Autre risque identifié par les responsables syndicaux, la perte du pluralisme de l’information. « Pour l’instant, on fait des articles sur des sujets similaires mais avec des angles différents », explique Cécile Poure :
« Si nous sommes rassemblés en une seule rédaction, j’imagine qu’on n’enverra pas trois personnes sur le même sujet, une pour la radio et deux pour la télé. Donc des angles vont disparaître et l’information sera plus pauvre. »
Sur le terrain, Olivier Vogel constate déjà la perte de contenus éditoriaux locaux au profit de nationaux sur Ici Alsace. Les antennes locales de la radio publique ont lancé une alerte début juin en ce sens. « Ce qui nous inquiète avec ce projet de média global, c’est qu’on finira tous par faire la même chose, un peu de radio, un peu de télé, beaucoup de petites vidéos », déplore-t-il.
Face à ce « média global », les syndicalistes craignent également la perte d’emplois – faire plus sans embaucher plus. « Demandera-t-on aux journalistes radio de faire de la télé ? Faudra-t-il récupérer le son des vidéos pour faire de la radio ? Les rédactions web seront-elles fusionnées ? On ne sait pas », admet Cécile Poure. Elle dénonce le désir de la directrice de France Télévisions de mettre en avant la « polycompétence » des journalistes.
Potentielles pressions ministérielles
La syndicaliste alerte également sur le risque d’une direction unique à la tête de la holding, qui pourrait plus facilement être soumise aux pressions de la ministre de tutelle. « Dans ce cas, l’indépendance de l’information ne serait plus garantie, la liberté et l’esprit critique non plus, l’audiovisuel public deviendrait vertical et monolithique », assène-t-elle. Et si un gouvernement d’extrême-droite venait à être élu, tout l’audiovisuel public pourrait ainsi se retrouver sous son influence. « Et même avant, lorsqu’on voit la considération de Rachida Dati pour les journalistes, l’hypothèse d’être dans cette position nous fait peur », conclut-elle, faisant référence à l’attaque personnelle de la ministre à l’encontre du journaliste Patrick Cohen, sur le plateau de C à vous, le 18 juin.
Depuis le démantèlement de l’ORTF en 1974 et la création de sociétés distinctes pour la production de l’audiovisuel français, chaque structure dispose d’une gestion propre.

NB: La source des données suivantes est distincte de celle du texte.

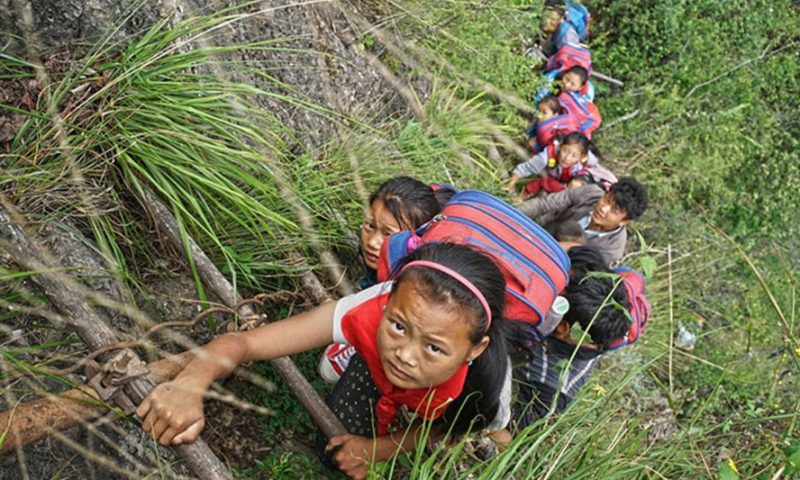 Nín thở trẻ leo vách núi trên con đường đến trường đáng sợ bậc nhất thế giới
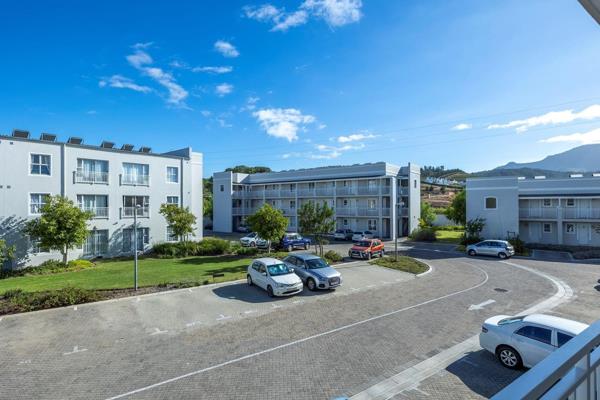 Discover this stunning ground-floor apartment located in the desirable Nuutgevonden Estate II, Stellenbosch. Offering modern design and ...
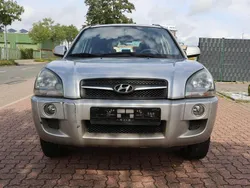 Silber Gebraucht 2009 Hyundai Tucson GLS SUV | 2.950 € (Guter Preis)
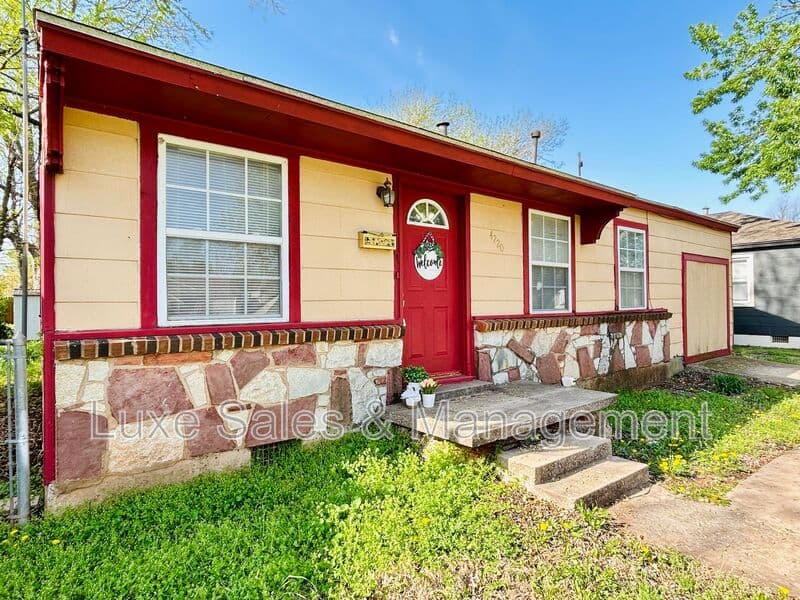 Del City House: 4220 SE 25th St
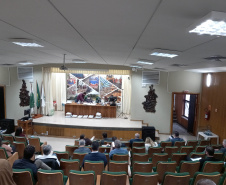 O Departamento de Estradas de Rodagem do Paraná (DER/PR) abriu nesta terça-feira (10) os envelopes com propostas de preços dos oito lotes do Programa de Segurança Viária das Rodovias Estaduais (Proseg Paraná), iniciativa que vai melhorar a segurança de 9.965,43 quilômetros de rodovias estaduais. -  Curitiba, 10/08/2021  -  Foto: DER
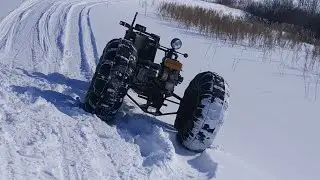Легкий трехколесный каракат преодолевает затяжной подъем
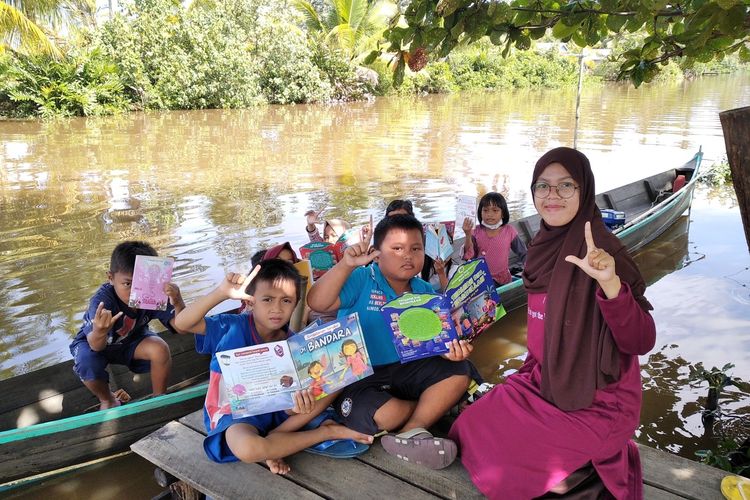 Kisah Kampung Baca Tansal di Kalbar, Menyusuri Sungai Antarkan Buku ke Pelosok Desa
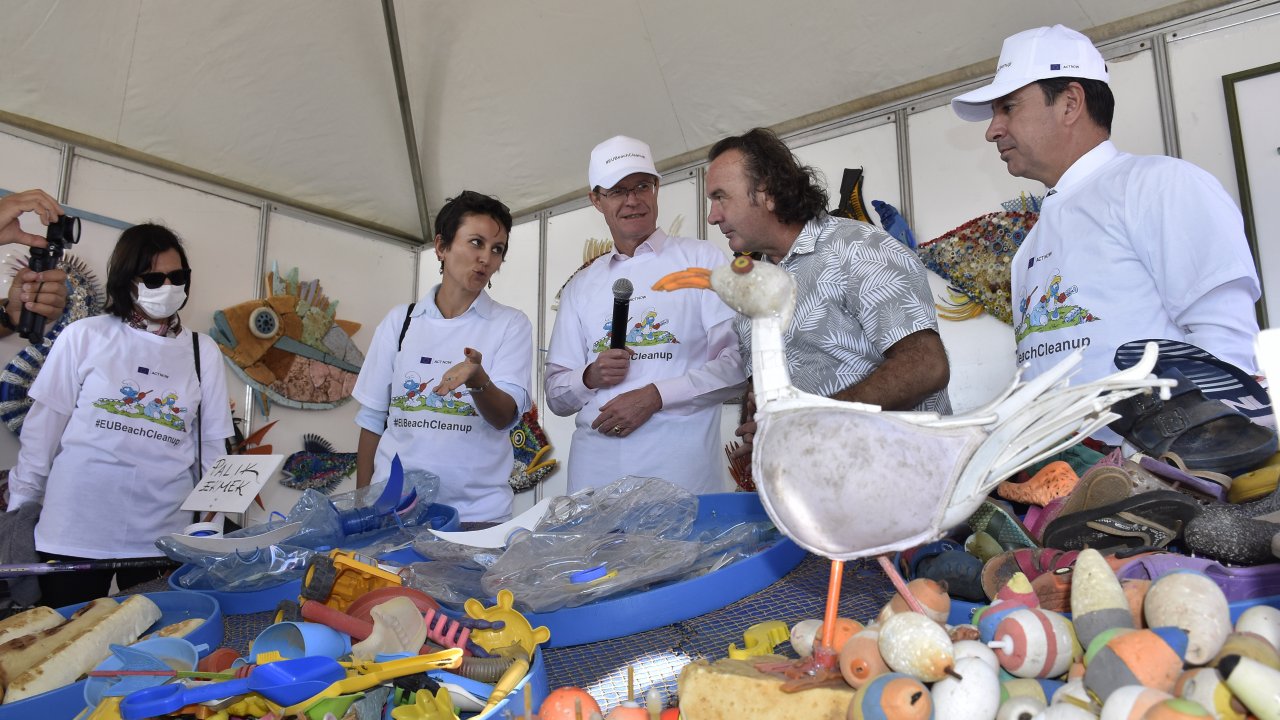 BODRUM'DA DENİZ KİRLİLİĞİNE KARŞI FARKINDALIK ETKİNLİĞİ YAPILDI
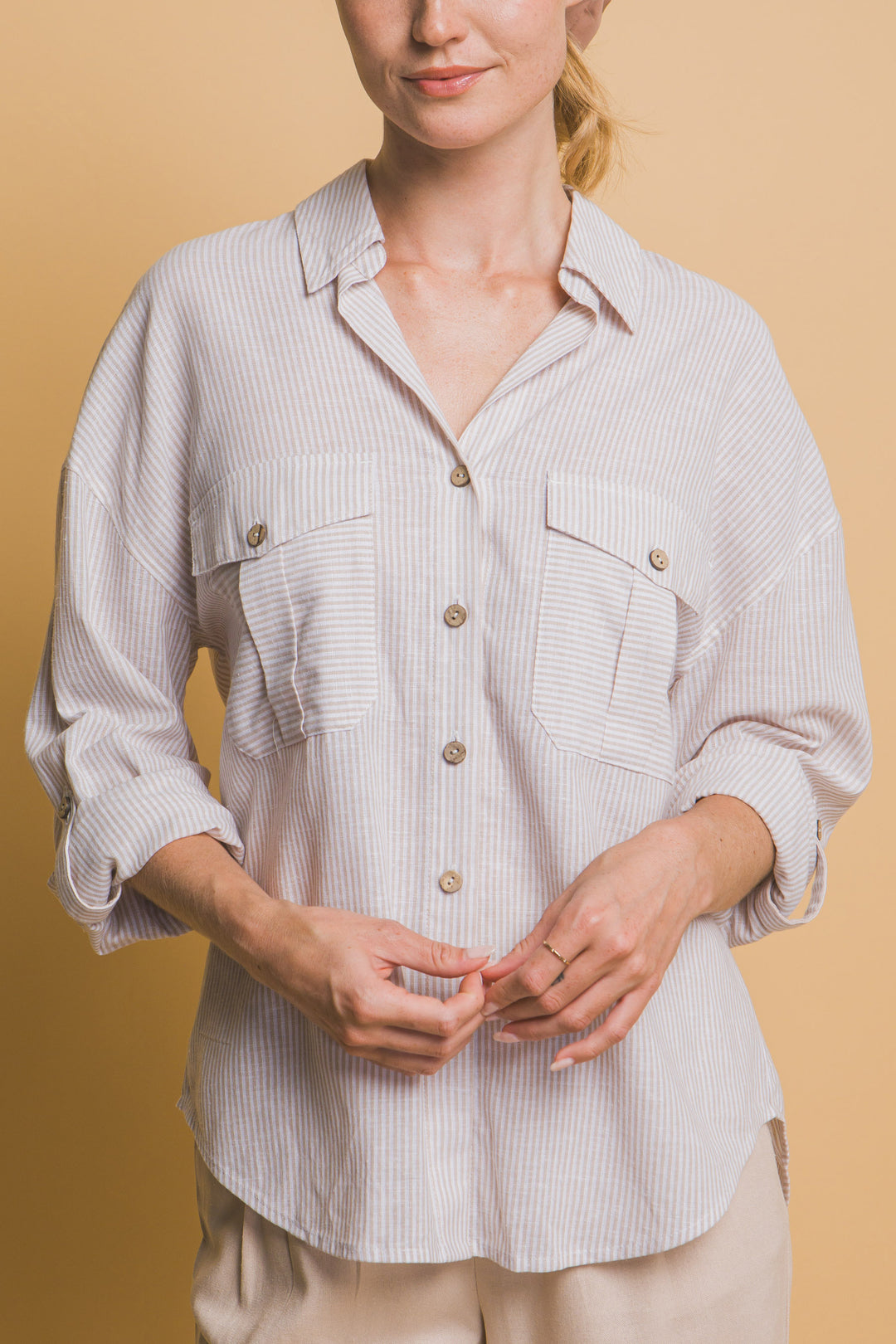 Camisa 3/4 Oversize con dos Bolsillos en frente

En proposant de les réunir en une seule entreprise, la ministre de la Culture avance la nécessaire « relance » du secteur qui aurait « raté le virage du numérique ».
Lundi 30 juin, une assemblée générale réunissant les grévistes de France 3 Alsace et de France Bleu Alsace (Ici) se tiendra place de Bordeaux dès 9h30. Au niveau national, les syndicats SNJ-CGT, Cfdt, FO et SNJ sont mobilisés. C’est le chemin du projet de loi devant l’Assemblée nationale qui déterminera la longueur de la mobilisation.